>>

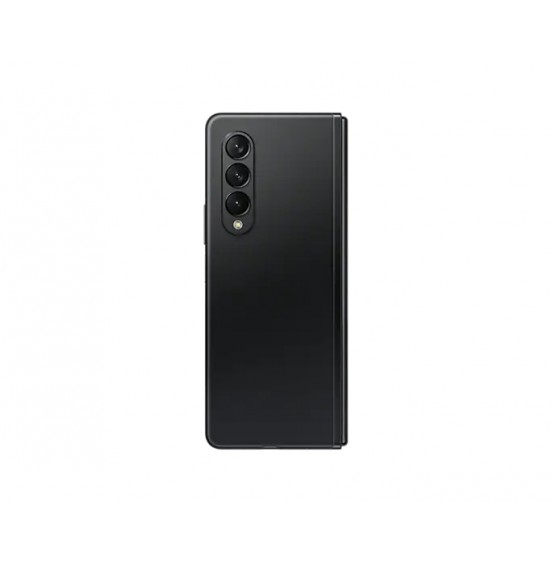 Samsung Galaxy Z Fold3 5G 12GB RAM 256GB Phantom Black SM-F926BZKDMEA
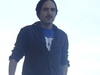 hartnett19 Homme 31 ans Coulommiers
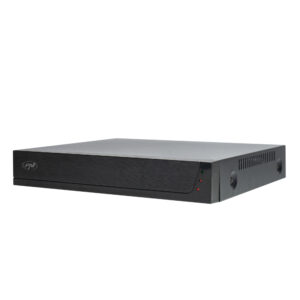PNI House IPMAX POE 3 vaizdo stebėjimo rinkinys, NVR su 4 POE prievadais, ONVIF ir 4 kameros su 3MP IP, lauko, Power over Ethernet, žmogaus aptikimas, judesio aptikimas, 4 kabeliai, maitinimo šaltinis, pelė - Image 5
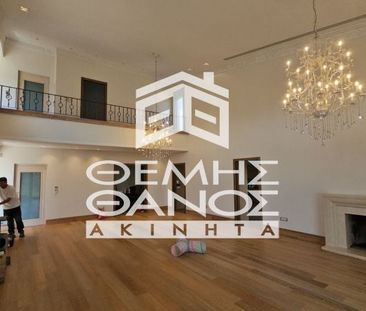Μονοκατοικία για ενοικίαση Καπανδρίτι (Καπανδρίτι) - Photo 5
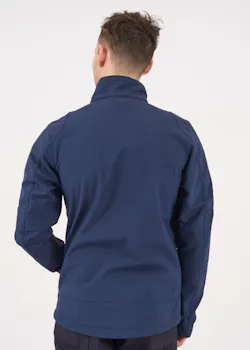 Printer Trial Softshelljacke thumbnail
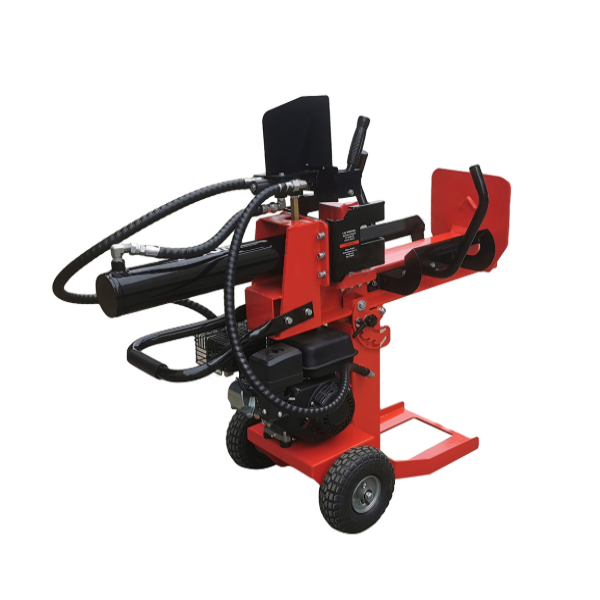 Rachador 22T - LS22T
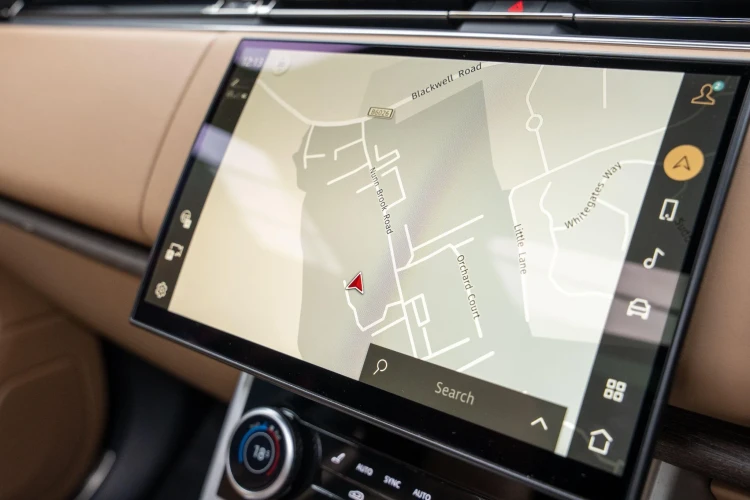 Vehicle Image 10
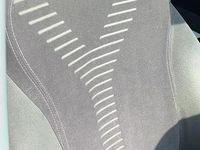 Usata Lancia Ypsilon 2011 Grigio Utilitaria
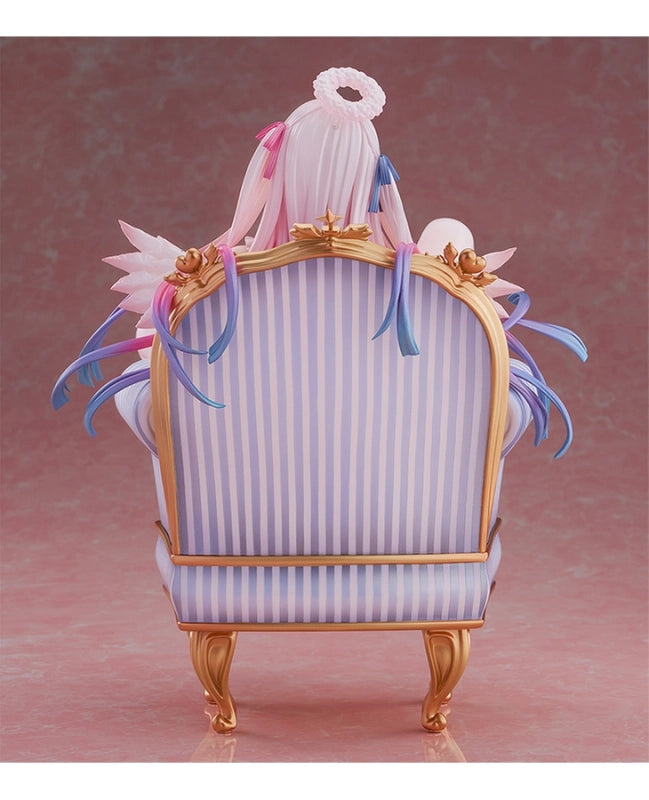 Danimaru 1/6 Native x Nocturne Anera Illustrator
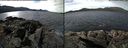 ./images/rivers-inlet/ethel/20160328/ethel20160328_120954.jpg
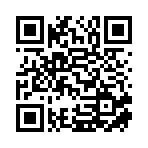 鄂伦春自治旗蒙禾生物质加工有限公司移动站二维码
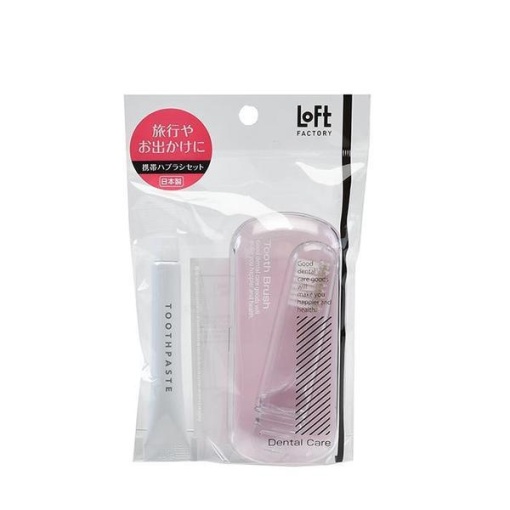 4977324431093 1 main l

<<

Exercise directions: Above are the records. Copy exactly, and only, the lines from the line containing "Danimaru 1/6 Native" through the last one, omitting any pictures.

Solution for this exercise:
 Danimaru 1/6 Native x Nocturne Anera Illustrator
 ./images/rivers-inlet/ethel/20160328/ethel20160328_120954.jpg
 鄂伦春自治旗蒙禾生物质加工有限公司移动站二维码
 4977324431093 1 main l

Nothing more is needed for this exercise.